The vessel, which is operated by the same company involved in the Costa Concordia tragedy, was cast adrift in the Indian Ocean after the blaze broke out in an electric generator room on Monday.
The stranded travellers - who include 31 Britons - were earlier being towed to Desroches, a small, coral-lined island in the Seychelles, and were due to reach it by this morning.
However Costa Cruises later announced they could not disembark there as it was not safe enough and the ship would instead be taken to the main Seychelles island of Mahe, where it is expected to dock tomorrow morning local time.
The change of plan was disclosed after guests had been asked to prepare their luggage so as to be ready for the earlier time of disembarkation.
The company said in a statement: "Costa Cruises informs that in view of extensive and accurate checks carried out with local maritime experts' support, in order to ensure the safety of our guests on board, the disembarkation on Desroches island cannot be performed and therefore it has been decided that the ship will be towed to Mahe/Seychelles.
"The disembarkation in Desroches does not assure the necessary and adequate security conditions for mooring the ship and guests' disembarkation.
"In addition, logistics and hotels on the island are not enough."
Costa Cruises said helicopters would ensure the continuous supply of food, comfort items and flashlights to "mitigate guests' discomfort given the difficult conditions on board".
It added: "Costa Cruises is working with all the authorities responsible for the co-ordination of the emergency to ensure the best possible assistance to all our guests and make their discomfort as short as possible and to reach their next destination.
"The company is sincerely sorry for the inconvenience. Absolute priority is to make it as short as possible."
The ship was being towed by the French ocean fishing vessel Travignon and two tugs after its engines, lights and air conditioning were left with no power.
The incident came after the Costa Concordia cruise liner, also operated by Costa Cruises, struck rocks off the west coast of Italy on January 13, leaving a death toll expected to reach 32.
Among the Britons on board the Costa Allegra was a woman whose brother survived the capsizing of its sister ship.
The siblings' mother, Jayne Thomas, from Sutton Coldfield, had yesterday had no news from her daughter Rebecca, who was working on the Costa Allegra as a dancer.

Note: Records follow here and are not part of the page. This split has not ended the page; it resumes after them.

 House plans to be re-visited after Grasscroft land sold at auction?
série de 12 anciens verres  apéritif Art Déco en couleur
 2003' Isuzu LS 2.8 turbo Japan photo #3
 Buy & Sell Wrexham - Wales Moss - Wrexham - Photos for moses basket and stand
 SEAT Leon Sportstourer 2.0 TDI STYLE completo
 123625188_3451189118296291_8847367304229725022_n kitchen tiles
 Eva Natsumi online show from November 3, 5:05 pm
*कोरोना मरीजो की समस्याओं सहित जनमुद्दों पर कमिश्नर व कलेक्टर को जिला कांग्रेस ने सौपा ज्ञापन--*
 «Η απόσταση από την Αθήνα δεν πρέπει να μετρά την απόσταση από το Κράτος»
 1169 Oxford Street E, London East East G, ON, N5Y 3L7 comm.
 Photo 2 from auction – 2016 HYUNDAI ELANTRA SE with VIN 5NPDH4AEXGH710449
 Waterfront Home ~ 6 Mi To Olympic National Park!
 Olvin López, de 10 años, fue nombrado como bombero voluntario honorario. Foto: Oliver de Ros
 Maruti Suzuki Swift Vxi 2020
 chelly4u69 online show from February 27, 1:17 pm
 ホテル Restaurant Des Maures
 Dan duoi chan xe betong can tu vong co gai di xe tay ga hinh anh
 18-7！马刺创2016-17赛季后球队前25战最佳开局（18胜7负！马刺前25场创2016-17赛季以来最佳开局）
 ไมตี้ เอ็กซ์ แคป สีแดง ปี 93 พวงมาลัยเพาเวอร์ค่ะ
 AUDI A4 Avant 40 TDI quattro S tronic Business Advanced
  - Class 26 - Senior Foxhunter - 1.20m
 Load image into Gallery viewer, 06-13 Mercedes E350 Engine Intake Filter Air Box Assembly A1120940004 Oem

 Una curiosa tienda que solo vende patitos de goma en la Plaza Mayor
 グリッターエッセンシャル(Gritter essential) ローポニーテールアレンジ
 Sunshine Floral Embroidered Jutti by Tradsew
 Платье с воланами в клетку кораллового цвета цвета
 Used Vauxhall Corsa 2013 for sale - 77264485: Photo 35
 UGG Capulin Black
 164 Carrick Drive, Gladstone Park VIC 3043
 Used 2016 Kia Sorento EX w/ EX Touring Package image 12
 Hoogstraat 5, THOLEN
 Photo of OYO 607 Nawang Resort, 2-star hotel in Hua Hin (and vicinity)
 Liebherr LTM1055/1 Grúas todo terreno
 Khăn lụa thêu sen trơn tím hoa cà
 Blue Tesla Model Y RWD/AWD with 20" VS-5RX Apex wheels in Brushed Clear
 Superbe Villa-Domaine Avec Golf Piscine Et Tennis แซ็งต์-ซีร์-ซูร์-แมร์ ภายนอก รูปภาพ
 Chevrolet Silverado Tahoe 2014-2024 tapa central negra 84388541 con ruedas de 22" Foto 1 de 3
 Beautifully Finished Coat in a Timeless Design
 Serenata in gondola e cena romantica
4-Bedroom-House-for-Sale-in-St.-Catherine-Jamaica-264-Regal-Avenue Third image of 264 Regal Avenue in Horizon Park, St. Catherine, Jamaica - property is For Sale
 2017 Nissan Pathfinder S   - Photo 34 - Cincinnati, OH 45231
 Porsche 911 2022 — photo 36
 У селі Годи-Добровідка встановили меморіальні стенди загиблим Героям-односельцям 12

However although her 19-year-old son James was still recovering from the mental trauma he sustained when the ill-fated Concordia ran aground in the Mediterranean, she said she did not feel any ill will towards Costa Cruises.
"I have no feelings towards the company," she told the BBC. "I think it's just a twist of fate that they've both been involved in two such unfortunate incidents."
Some 636 passengers and 413 crew members were on board the Costa Allegra when the fire broke out but none were injured.
Photos showed hundreds of people milling about on the ship's outside decks and officials said passengers would sleep there as well, instead of in their unlit cabins.
The Allegra, whose Italian name means "merry" or "happy", left northern Madagascar on Saturday and was cruising towards Port Victoria when the fire took hold.
Italian coastguard officials said emergency generators were keeping the ship's control room illuminated and communications equipment such as radios running.